Sanctions Badly Affect Most Needy In North Korea, Says UN Report


The United Nations has warned that international sanctions against North Korea are taking a serious toll on humanitarian aid activities in the country, where millions of women and children are reliant on donations.

A report recently released by Tapan Mishra, the UN’s senior resident official in Pyongyang say the bans slapped on the North over its nuclear and missile activities are causing a “radical decline” in donations among the needy in the Asian state.

Such donations, the report said, are badly needed by “18 million people, or 70 percent of the population, including 1.3 million children under five.”

North Korea has been the target of a broad array of tough sanctions by the US and the UN Security Council among other states and international institutions over its nuclear and missile tests.

Pyongyang, however, says its missile and nuclear program are part of its self-defense measures aimed at protecting the North’s sovereignty and safety in the face of threats by the US and South Korea.

Mishra, who coordinates UN development program and other activities in the country, further said North Korea is in the midst of “a protracted, entrenched humanitarian situation largely forgotten or overlooked by the rest of the world.”

The report read that “chronic food insecurity, early childhood malnutrition and nutrition insecurity” continue to be widespread in North Korea.

It added that the sanctions also have a psychological impact on the donors, making them reluctant to provide funds for projects in the country.

Residents receive emergency goods, including kitchen sets and blankets, distributed by North Korean Red Cross officials in Pyongyang Province. (File Photo by AP)

“This is reflected in the radical decline in donor funding since 2012,” it said. “As a result, agencies have been forced to significantly reduce the assistance they provide … critical needs of some of the most vulnerable have not been met.
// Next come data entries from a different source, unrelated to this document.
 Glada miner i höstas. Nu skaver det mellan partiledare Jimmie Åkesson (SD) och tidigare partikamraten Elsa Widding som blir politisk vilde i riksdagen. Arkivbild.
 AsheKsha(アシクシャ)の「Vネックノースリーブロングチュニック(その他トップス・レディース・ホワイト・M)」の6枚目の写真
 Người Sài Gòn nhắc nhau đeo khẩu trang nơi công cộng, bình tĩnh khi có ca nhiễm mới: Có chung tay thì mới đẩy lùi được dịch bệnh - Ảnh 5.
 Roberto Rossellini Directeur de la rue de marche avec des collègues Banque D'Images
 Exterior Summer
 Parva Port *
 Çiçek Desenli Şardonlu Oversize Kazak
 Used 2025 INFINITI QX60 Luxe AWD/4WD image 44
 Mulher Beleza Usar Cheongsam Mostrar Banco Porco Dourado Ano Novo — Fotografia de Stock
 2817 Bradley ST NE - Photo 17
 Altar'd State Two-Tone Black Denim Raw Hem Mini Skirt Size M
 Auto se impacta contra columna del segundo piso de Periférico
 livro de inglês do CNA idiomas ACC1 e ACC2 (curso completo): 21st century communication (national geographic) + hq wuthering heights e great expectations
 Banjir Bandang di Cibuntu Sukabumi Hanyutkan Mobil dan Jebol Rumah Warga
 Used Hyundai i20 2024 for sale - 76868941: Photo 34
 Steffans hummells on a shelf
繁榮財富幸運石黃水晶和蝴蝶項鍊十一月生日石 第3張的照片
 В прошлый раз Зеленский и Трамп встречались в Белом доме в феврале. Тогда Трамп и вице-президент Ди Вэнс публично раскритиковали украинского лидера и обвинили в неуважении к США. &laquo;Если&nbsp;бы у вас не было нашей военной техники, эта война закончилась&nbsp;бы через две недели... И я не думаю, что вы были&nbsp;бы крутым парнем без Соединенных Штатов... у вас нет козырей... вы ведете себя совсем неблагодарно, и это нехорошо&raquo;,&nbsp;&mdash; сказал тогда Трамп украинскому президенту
More predictable funding is urgently required.”

Forty-one percent of the population in North Korea or two in five people are undernourished, while 70 percent depend on the Public Distribution System (PDS) for rations, according to the report.

With international sanctions in effect, health service delivery remains inadequate with many areas not equipped with sufficient facilities, equipment or medicines to meet people’s basic health needs, it added.

On Monday, Reuters quoted a US official as saying that Washington is considering more sweeping sanctions as part of a broad review of measures to counter what is called North Korea’s nuclear and missile “threat.”

Reacting to the report, a senior North Korean diplomat at the UN censured the existing restrictive measures against North Korea as “heinous and inhumane,” but reassured that his country has no fear of tighter US bans and is determined to pursue the “acceleration” of its nuclear and missile programs.

North Korea is irked by the joint wargames held annually by the US and South Korea on the volatile Korean Peninsula, saying the drills are practices for a war on the country.

Recently, Washington has further angered Pyongyang by starting the installation of an advanced missile system at an air base in South Korea.